Черты и силуэты прошлого - правительство и общественность в царствование Николая II глазами современ - Гурко Владимир Иосифович
Вопрос об общине был тем более сложный, что с ним был тесно связан и вопрос о семейном и личном владении крестьян землей. Я, разумеется, не стану входить во все подробности этих сложных вопросов и отношения к ним сельскохозяйственного совещания, тем более что все высказанные в его среде по их поводу мнения воспроизведены, как вообще все суждения совещания по крестьянскому вопросу, в изданных и, насколько помню, поступивших в продажу стенографированных протоколах[434]. К сожалению, у меня ныне нет в моем распоряжении и этих протоколов, как и вообще преобладающего большинства документов, относящихся до описываемого времени, что существенно препятствует более подробному и всестороннему его изображению.
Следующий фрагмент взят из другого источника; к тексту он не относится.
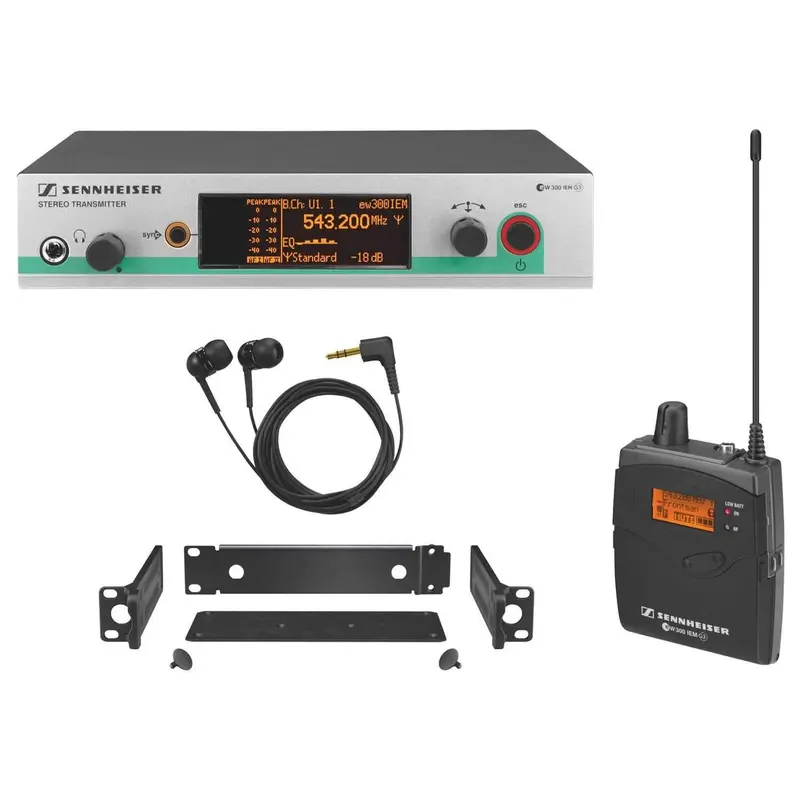 Sennheiser EW 300 IEM G3 In Ear Monitoring System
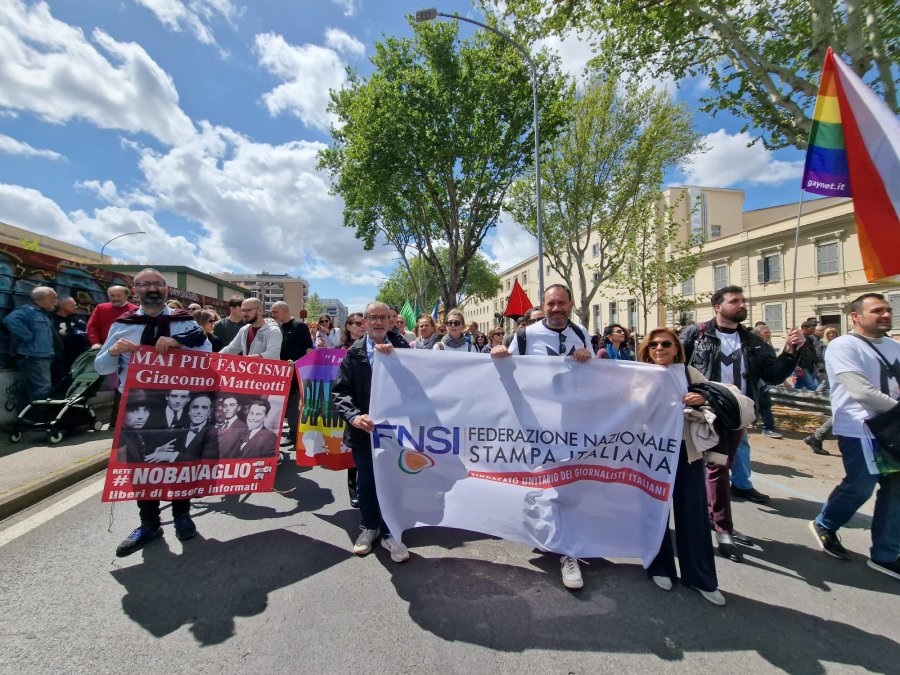 25 aprile, manifestazioni in tutta Italia per festeggiare gli 80 anni della Liberazione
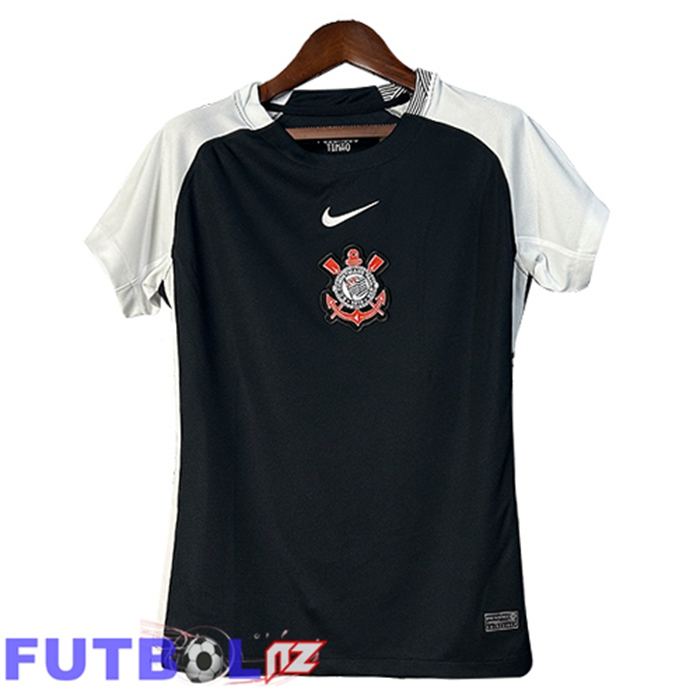Camisetas De Futbol Corinthians Mujer Segunda 2025 2026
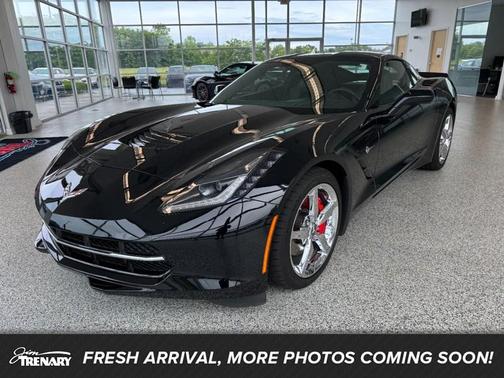 Black 2014 Chevrolet Corvette Stingray Base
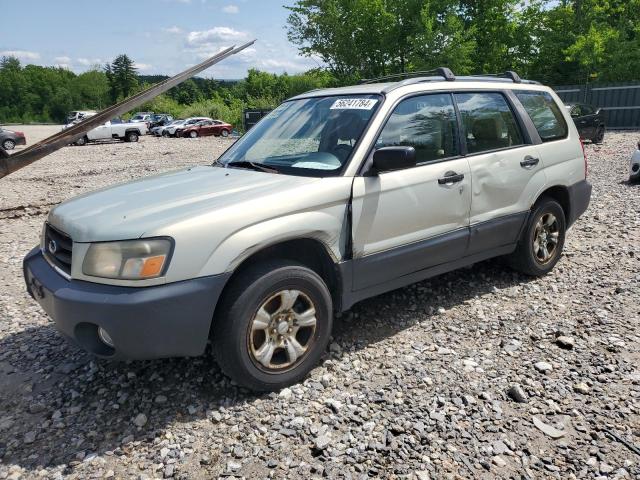 2005 SUBARU FORESTER 2.5X, 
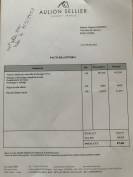 selle dressage Aulion - arçon neuf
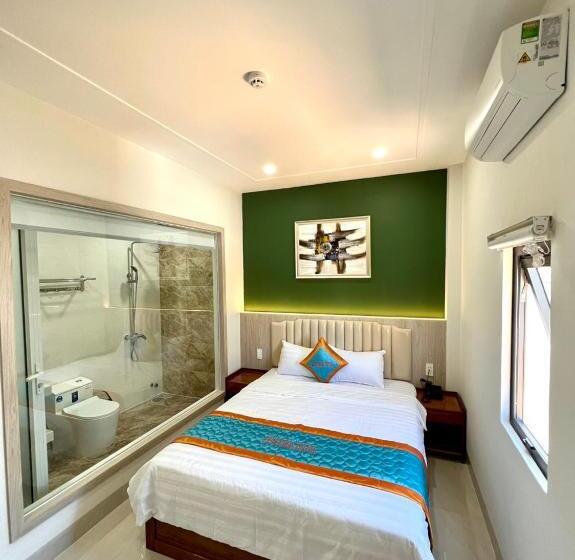 اتاق لوکس, Khách Sạn Biển Xanh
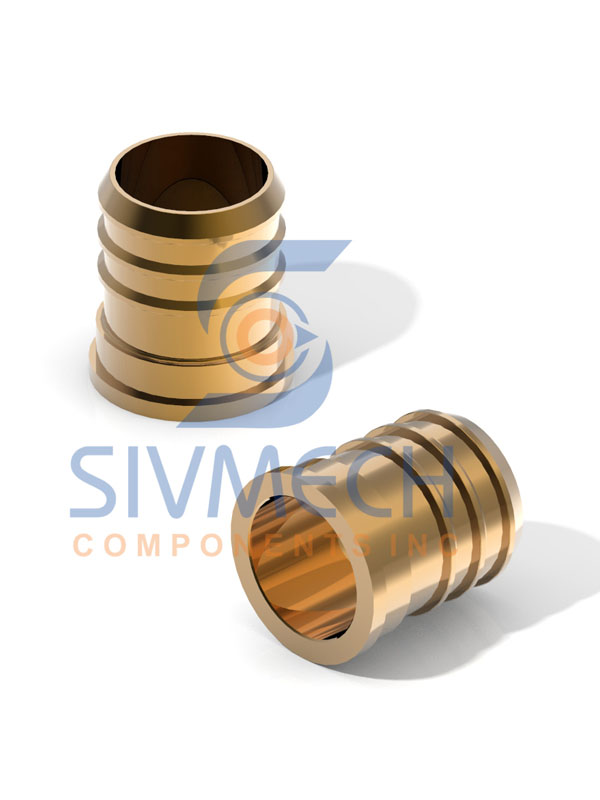 Metal Turned And Milled Components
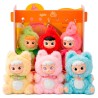 Muñeco llavero sorpresa Blind Box Hulu Fox Series Invited 18cm surtido - imagen 1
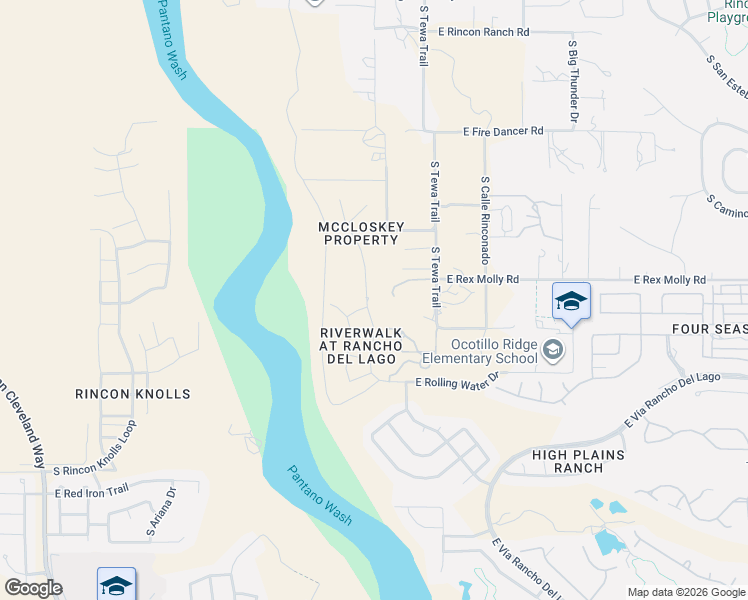 map of restaurants, bars, coffee shops, grocery stores, and more near 10071 South Rolling Water Drive in Vail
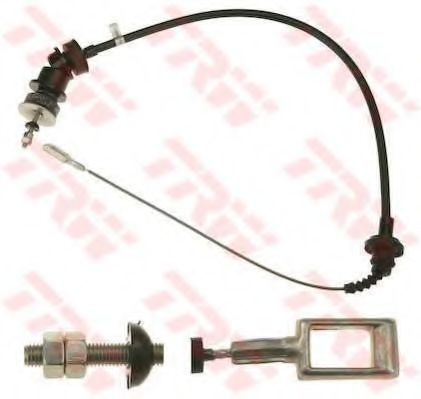 Cablu ambreiaj PEUGEOT BOXER platou / sasiu (ZCT) (1994 - 2002) TRW GCC2004 piesa NOUA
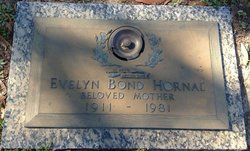 Evelyn Marie <I>Bond</I> Shortes-Hoerr-Hornal 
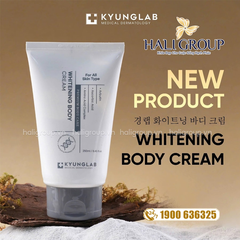 Kyunglab Whitening Body Cream 250Ml (Cty)
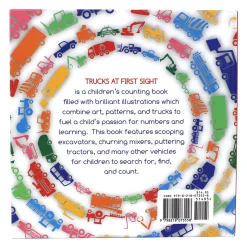 Trucks at First Sight Hardcover Book by Martha Jaworowski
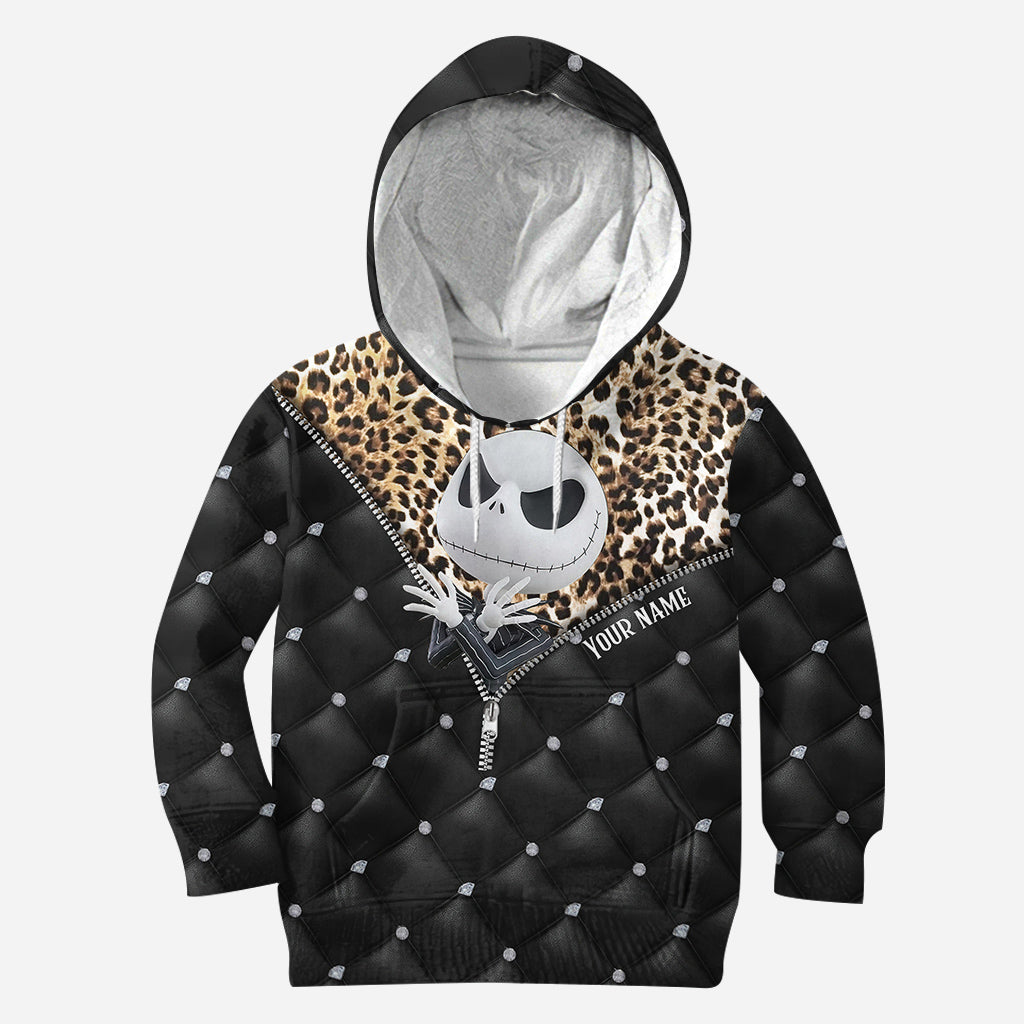 Personalized Nightmare All-Over Hoodie Custom Name Gift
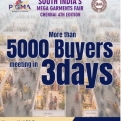 PIGMA & SRMA SOUTH INDIA'S MEGA GARMENTS FAIR CHENNAI 2026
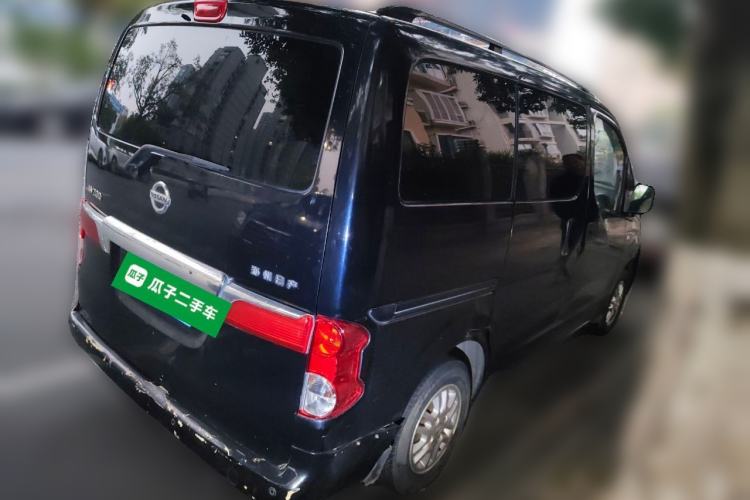 Used Nissan NV200 2013 1.6L Luxury Model China IV Standard Rear Right 45 Deg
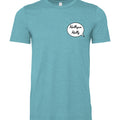 HEATHER AQUA - 3001CVC - FRONT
Приходится поневоле полагаться почти исключительно на свою память, которая, как известно, часто изменяет человеку. Думаю, впрочем, что во всем мною до сих пор описанном она мне, вероятно, изменяла в смысле некоторой неполноты картины, которую я стремлюсь воспроизвести, но не в смысле точности передаваемого мною.
Итак, я сказал, что суждения по вопросу о земельной общине затянулись в совещании Витте: начатые, если не ошибаюсь, еще в начале февраля 1905 г., они к концу марта не были закончены, а между тем 30 марта совещание, далеко не закончившее своих трудов, было внезапно закрыто. История этого закрытия не лишена некоторого интереса.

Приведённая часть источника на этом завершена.